Toronto’s bizarre stasis was jolted last week, when Nurse said in a pregame following the team’s loss to the Sixers that he planned to take time away to reflect when the Raptors season was over. It didn’t really sound all that ominous at first. The gist was that 10 years — the tenure that Nurse has been an assistant and head coach of the Raptors combined — is a long time to be anywhere, do anything. Still, it would’ve been hard to take a statement like that at face value given all the rumors that have started swirling about whether or not Ujiri and Webster will extend Nurse’s contract, set to expire next season. Rumors that already felt substantiated if you’d spent any amount of time watching the team play this season, and seen the palpable frustration from players, Nurse, and in a roundabout way, the front office by standing pat other than trading for Jakob Poeltl at the deadline.

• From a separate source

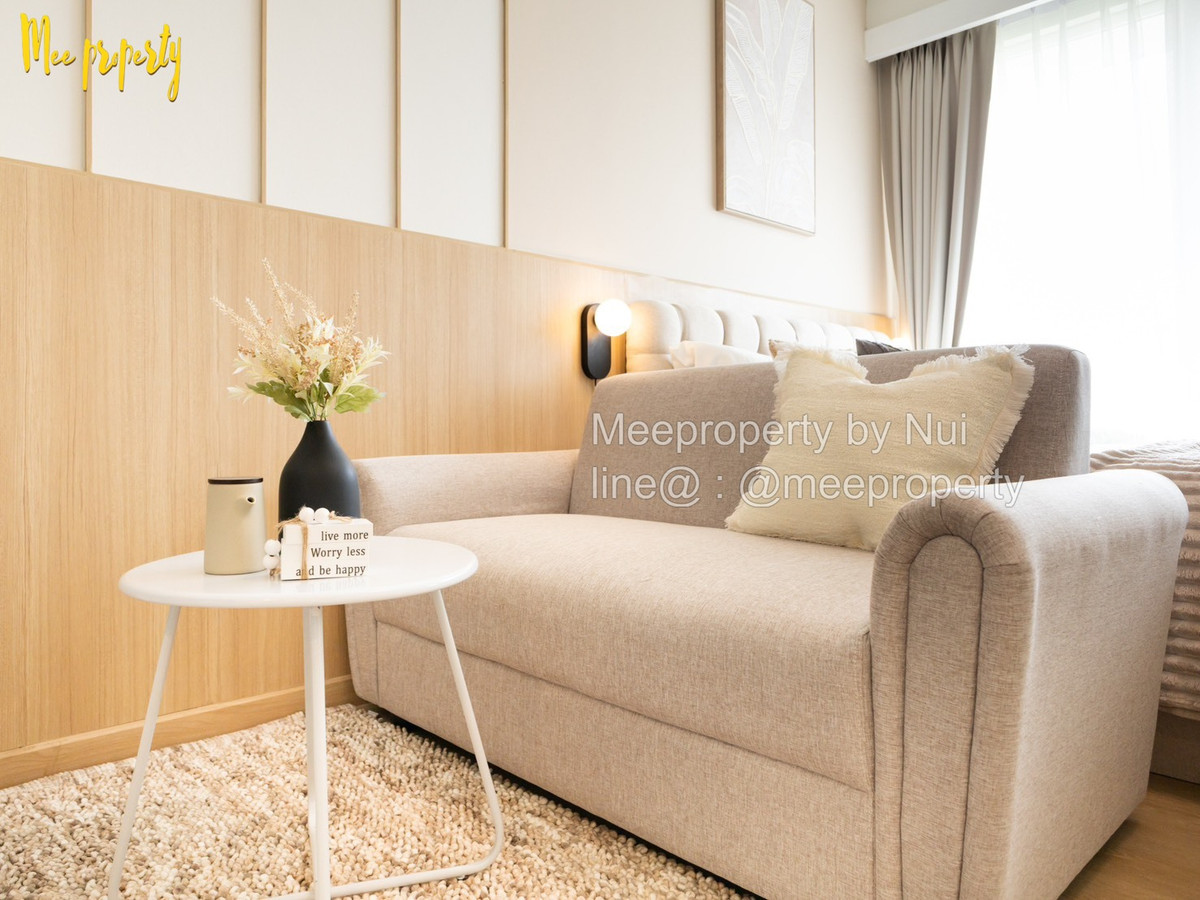 For SaleCondoRama9, Petchburi, RCA : #Condo for sale, ready to move in, I-House Rama 9 (I-House Rama 9) Studio 27 sq m., near Piyawet Hospital, Rama 9, newly renovated room, beautiful, ready to move in, suitable for own living or renting out ME-257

The jolt was as good a signal as any Nurse could’ve given and, taken out of the team’s current bummer context, is the kind of comment it makes sense for someone approaching the end of their contract to give. NBA athletes, coaches, even GMs have played this game alongside the actual one for years. In a normal job you’d go to the person you report to directly and ask for a raise, a promotion, recognition; in the NBA, in addition to those conversations, you go on TV. The disappointing wrinkle has been in how Nurse has handled things since.

Toronto is a notoriously quiet organization. Nurse, amicable enough with media, rarely ranges into the personal. Those two things combined made it completely warranted for the team’s beat reporters to follow up with Nurse on his comments. When they did, though, postgame in Charlotte a few nights later, Nurse lashed out. 

“I’m not – ”, Nurse starts to stutter, “I don’t want to answer that question every game, because I got it about three games in a row. So let's move on and talk about tonight and this team and this season please, thank you.”

Contrary to what he said, it was the only time he’d been asked about the comments he made around taking time away. Comments that he made unprompted. In light of that, his animosity bordered on petulant, and fell back into the same comfortable territory of willful avoidance the entire franchise has been staking out all season.

It’s disheartening to the fanbase, an awkward non-starter for reporters trying to do their jobs, and doesn’t signal to any player on the team that the play-in and whatever comes after it, be it offseason or a first-round series, requires a different kind of buy-in then the regressive one they’ve had all season. It was an opportunity for clarity, rousing frankness, a better tool than just a hammer, and it was wasted. Toronto’s chances at salvaging whatever it is the franchise is trying to patiently build might have gone with it.